#### Information supplied:
[Start of section]
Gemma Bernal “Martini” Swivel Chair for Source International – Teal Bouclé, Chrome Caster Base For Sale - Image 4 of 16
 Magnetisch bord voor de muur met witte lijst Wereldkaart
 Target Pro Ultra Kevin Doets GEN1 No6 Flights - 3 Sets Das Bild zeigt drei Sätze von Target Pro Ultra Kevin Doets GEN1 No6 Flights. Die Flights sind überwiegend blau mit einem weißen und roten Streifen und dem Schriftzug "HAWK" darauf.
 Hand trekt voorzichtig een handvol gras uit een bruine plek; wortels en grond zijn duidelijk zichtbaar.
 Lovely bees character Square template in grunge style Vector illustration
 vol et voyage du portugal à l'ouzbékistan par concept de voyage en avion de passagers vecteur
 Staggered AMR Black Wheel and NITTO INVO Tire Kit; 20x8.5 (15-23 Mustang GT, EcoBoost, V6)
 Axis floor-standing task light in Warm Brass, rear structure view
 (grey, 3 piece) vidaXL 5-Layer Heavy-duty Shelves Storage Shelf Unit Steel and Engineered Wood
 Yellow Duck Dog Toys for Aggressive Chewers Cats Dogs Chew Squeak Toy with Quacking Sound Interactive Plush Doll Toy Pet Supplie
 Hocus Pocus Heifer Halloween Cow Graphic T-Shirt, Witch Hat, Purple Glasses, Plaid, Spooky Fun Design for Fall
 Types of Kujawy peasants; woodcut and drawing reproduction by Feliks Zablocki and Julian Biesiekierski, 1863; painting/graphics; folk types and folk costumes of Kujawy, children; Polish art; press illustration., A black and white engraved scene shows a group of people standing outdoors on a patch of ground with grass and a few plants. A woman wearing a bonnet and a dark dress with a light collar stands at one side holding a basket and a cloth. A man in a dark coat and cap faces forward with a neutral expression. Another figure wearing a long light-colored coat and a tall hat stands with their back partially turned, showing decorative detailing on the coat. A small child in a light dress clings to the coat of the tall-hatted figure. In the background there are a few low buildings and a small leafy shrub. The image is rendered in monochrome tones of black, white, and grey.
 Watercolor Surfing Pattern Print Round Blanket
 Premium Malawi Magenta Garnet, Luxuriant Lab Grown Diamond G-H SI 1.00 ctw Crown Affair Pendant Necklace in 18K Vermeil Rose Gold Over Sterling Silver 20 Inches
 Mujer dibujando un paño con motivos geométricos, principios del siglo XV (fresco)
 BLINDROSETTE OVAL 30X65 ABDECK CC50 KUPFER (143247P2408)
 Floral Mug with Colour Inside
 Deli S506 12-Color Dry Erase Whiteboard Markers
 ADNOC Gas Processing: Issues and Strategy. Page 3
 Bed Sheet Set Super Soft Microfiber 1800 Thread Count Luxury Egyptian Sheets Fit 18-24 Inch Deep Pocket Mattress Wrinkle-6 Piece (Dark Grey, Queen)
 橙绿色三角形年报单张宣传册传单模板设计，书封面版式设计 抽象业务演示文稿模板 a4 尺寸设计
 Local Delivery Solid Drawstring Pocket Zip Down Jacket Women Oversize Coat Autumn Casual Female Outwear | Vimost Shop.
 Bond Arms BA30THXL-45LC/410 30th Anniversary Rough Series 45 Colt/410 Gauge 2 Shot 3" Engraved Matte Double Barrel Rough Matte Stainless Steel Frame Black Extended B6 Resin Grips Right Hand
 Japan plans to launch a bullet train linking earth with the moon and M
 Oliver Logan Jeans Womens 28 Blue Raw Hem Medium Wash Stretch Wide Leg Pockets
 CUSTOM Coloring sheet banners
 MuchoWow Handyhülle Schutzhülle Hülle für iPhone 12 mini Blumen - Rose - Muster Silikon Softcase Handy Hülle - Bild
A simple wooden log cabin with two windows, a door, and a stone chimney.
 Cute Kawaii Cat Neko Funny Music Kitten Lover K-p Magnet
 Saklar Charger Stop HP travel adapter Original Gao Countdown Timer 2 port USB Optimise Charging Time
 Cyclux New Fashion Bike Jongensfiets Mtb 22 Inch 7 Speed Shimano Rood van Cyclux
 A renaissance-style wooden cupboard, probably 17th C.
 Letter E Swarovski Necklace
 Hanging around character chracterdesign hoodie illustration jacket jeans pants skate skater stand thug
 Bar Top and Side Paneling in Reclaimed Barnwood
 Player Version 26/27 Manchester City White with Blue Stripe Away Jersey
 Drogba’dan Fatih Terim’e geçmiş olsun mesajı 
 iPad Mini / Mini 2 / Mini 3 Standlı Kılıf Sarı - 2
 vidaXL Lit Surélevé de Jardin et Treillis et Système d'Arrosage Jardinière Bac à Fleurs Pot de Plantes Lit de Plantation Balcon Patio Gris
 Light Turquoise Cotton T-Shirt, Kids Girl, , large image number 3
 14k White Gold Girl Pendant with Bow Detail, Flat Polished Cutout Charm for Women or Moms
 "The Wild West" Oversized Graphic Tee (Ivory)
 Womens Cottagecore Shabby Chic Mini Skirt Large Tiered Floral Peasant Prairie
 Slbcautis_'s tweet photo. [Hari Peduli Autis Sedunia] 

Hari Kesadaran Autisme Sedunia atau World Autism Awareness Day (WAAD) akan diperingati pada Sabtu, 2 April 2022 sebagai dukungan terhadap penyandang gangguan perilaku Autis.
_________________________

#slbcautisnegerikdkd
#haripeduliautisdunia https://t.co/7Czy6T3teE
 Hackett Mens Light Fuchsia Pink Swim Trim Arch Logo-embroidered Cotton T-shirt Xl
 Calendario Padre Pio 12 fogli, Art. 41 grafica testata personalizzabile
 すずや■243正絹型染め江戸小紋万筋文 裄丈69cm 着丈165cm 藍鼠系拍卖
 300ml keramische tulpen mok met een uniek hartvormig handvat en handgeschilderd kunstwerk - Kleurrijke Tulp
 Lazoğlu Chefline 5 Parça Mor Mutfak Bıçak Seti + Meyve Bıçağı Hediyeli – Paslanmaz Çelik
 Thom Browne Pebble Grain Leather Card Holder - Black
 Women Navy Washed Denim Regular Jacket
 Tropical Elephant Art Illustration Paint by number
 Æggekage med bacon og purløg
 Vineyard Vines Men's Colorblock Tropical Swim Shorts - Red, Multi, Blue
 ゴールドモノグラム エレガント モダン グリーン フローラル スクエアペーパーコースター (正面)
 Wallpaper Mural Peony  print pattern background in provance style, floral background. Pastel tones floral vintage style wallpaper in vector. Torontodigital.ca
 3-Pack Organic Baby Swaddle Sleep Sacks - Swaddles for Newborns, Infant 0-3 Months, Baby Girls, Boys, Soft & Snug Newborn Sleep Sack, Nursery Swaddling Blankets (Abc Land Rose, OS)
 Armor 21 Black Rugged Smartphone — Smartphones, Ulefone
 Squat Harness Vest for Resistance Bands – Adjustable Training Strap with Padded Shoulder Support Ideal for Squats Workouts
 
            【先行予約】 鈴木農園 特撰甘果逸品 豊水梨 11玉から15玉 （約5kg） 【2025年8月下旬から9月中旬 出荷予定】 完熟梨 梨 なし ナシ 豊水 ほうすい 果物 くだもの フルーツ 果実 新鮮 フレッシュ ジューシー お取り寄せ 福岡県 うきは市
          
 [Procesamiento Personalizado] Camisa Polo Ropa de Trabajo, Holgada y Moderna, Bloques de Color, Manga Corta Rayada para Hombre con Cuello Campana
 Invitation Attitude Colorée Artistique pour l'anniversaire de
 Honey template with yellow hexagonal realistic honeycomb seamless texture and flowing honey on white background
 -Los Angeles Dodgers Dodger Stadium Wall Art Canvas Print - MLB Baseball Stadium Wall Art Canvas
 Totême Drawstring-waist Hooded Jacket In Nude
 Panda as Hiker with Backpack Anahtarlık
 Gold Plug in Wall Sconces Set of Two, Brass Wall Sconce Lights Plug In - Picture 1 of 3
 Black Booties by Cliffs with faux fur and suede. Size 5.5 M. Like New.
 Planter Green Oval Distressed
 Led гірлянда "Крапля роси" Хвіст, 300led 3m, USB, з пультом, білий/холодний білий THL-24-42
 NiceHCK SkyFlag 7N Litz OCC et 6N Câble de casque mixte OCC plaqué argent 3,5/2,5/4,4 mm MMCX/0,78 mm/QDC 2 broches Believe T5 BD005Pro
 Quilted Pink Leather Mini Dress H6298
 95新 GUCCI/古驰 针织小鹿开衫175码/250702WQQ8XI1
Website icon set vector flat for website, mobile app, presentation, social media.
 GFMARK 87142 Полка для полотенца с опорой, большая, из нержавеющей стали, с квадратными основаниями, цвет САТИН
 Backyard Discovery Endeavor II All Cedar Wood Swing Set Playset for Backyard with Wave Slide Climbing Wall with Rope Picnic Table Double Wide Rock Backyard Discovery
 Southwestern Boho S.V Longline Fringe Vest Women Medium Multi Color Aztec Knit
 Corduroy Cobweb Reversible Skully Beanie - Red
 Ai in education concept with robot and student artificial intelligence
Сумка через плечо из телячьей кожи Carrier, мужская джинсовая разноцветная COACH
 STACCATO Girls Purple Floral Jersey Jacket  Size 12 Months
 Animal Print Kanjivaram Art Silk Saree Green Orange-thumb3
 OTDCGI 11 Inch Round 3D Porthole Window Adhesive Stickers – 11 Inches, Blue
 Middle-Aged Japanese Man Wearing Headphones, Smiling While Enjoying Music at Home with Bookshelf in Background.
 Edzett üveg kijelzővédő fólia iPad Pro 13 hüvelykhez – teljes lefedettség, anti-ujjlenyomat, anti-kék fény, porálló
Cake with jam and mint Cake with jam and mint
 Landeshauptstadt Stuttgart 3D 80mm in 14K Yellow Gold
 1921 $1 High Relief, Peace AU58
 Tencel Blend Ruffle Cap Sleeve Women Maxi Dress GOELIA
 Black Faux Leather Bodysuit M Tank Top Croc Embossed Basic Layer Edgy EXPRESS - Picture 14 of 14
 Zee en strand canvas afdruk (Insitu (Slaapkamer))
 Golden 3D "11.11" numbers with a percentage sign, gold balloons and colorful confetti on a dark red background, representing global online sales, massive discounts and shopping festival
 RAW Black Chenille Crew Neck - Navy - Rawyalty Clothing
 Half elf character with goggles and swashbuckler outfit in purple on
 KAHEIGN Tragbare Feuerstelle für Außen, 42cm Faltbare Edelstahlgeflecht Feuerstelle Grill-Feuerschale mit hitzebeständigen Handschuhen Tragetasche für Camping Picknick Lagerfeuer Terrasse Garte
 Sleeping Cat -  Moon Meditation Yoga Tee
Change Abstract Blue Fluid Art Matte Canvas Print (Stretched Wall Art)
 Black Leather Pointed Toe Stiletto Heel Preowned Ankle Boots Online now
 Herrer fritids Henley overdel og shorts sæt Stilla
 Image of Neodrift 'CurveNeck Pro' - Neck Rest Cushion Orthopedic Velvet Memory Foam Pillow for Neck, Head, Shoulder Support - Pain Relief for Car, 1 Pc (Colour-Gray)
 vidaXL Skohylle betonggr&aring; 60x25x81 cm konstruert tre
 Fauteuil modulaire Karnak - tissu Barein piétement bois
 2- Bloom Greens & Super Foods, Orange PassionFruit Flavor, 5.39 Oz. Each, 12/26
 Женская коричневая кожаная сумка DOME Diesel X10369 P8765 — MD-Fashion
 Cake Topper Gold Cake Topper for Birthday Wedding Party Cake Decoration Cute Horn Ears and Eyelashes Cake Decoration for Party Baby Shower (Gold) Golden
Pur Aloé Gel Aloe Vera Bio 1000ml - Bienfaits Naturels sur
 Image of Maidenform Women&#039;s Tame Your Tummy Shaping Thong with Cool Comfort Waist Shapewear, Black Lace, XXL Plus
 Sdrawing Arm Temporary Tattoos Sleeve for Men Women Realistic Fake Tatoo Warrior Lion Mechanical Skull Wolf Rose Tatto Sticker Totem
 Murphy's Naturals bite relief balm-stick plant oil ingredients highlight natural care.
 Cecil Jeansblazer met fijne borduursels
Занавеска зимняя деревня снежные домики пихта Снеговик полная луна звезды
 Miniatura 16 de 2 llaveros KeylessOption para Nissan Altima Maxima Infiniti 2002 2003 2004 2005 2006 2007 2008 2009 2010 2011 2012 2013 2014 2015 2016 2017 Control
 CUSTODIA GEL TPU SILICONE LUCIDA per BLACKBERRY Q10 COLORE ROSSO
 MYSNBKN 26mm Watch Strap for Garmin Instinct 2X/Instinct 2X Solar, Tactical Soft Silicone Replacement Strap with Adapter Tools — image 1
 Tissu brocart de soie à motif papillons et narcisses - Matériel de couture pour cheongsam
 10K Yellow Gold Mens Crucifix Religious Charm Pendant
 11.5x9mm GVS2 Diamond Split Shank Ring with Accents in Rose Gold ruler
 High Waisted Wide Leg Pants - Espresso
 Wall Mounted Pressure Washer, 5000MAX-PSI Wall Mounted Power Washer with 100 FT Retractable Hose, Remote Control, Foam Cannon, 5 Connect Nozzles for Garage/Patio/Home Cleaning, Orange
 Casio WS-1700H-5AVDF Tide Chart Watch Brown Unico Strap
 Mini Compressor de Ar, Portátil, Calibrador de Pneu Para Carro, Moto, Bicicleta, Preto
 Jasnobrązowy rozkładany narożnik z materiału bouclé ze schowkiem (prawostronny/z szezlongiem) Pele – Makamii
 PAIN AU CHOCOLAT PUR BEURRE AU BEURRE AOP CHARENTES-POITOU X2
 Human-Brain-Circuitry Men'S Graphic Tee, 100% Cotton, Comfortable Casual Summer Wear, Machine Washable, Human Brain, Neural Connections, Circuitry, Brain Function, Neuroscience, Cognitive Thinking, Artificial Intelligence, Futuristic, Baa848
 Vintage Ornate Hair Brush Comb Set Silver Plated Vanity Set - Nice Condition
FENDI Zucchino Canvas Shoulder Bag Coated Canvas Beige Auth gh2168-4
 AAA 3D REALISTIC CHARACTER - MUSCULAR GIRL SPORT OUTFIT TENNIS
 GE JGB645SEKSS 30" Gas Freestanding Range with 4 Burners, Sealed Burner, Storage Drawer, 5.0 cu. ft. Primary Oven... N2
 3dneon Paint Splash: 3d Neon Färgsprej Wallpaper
[End of section]
#### Aim of the task:
Please give back exactly the lines of the listing above that run from the one containing "High Waisted Wide Leg Pants - Espresso" through the one containing "Jasnobrązowy rozkładany narożnik", and only those.

#### Reply to the task:
 High Waisted Wide Leg Pants - Espresso
 Wall Mounted Pressure Washer, 5000MAX-PSI Wall Mounted Power Washer with 100 FT Retractable Hose, Remote Control, Foam Cannon, 5 Connect Nozzles for Garage/Patio/Home Cleaning, Orange
 Casio WS-1700H-5AVDF Tide Chart Watch Brown Unico Strap
 Mini Compressor de Ar, Portátil, Calibrador de Pneu Para Carro, Moto, Bicicleta, Preto
 Jasnobrązowy rozkładany narożnik z materiału bouclé ze schowkiem (prawostronny/z szezlongiem) Pele – Makamii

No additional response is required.